SEC, SWAC, C-USA and MACJC all put sports on hiatus
Published 8:00 pm Thursday, March 12, 2020
The sports world is shutting down for a while.
The Southeastern Conference, Conference USA and Southwestern Athletic Conference — as well as a dozen other Division I leagues — all announced Thursday that they have canceled their men’s and women’s basketball tournaments and will suspend regular-season competition until at least the end of March.
The Mississippi Association of Community and Junior Colleges followed suit later in the day, and the NCAA dropped the biggest bombshell of all when it canceled its men’s and women’s basketball tournaments as well as all winter and spring sports championships — including the baseball and softball College World Series in June.
The moves were made about concerns over the spread of COVID-19, or coronavirus, which has infected more than 1,300 people nationwide and caused 39 deaths.
“I don’t have all of the answers. I told my staff I don’t know is a perfectly good answer from time to time,” SEC commissioner Greg Sankey said at a news conference in Nashville, site of the league’s men’s basketball tournament. “It can’t just be I don’t know. You’re going to have to do the work to engage and learn how to answer the question eventually. So we’ve created an interim period where we will work with our campuses to determine how we return to our normal operation. It may not be March 30. It may be beyond. But that remains to be seen. We’ve identified a time frame where we can engage in conversation and in decision-making.”
The SWAC announced it is suspending play until March 31. Conference USA did not announce a possible return date. The MACJC canceled all practices and games through March 30.
Sankey said the SEC is canceling its equestrian and gymnastics championships, which were both scheduled for this month. All other on-campus sports events in the league are suspended until at least March 30.
With the NCAA’s decision not to hold the spring sports championships, it was not immediately clear whether its leagues would eventually resume their spring seasons. Besides baseball and softball, golf, tennis and track and field are all contested in the spring.
“That March 30th date gives us an opportunity to take a step back from a rather intense 24, 36 hours and consider the direction with the remainder of the spring as scheduled or any adjustments. Right now that March 30 date has the most importance, I think, as a milestone,” Sankey said.
Sankey added that he wasn’t sure whether spring football practice and games would continue as scheduled. He said that decision is largely governed by the SEC’s individual member schools — many of which have canceled classes and sent students home.

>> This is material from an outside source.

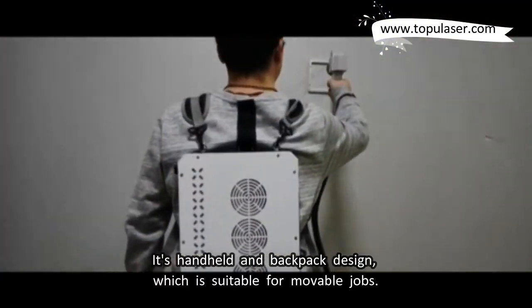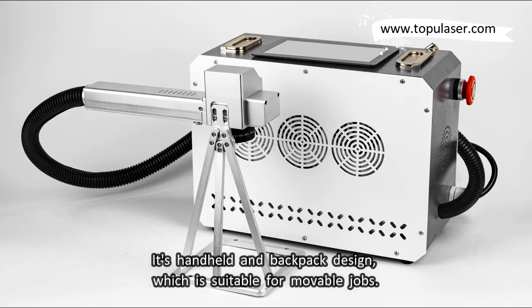It's a handheld and backpack design, which is suitable for movable jobs.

“We’ve limited the size clearly of on-campus events, and campuses are doing that individually, but I don’t have a prescriptive list right now around what’s going to happen with spring practice, spring football,” Sankey said.
Not everyone was going on hiatus. Mississippi College announced Thursday that it will continue to play spring events with attendance limited to four family members or friends on an official pass list. There will be no admission for anyone not on the list, with no exceptions.
The Gulf South Conference, to which Mississippi College and Delta State belong, will make a decision Friday about whether to continue its spring sports seasons.
Millsaps College will follow a similar policy beginning for a weekend baseball series against Berry College. The teams will play a doubleheader Friday at noon at Millsaps’ Twenty Field, and a single game Saturday at 11 a.m. No spectators will be allowed in. Attendance will be limited to the players, coaches, event staff, and essential personnel.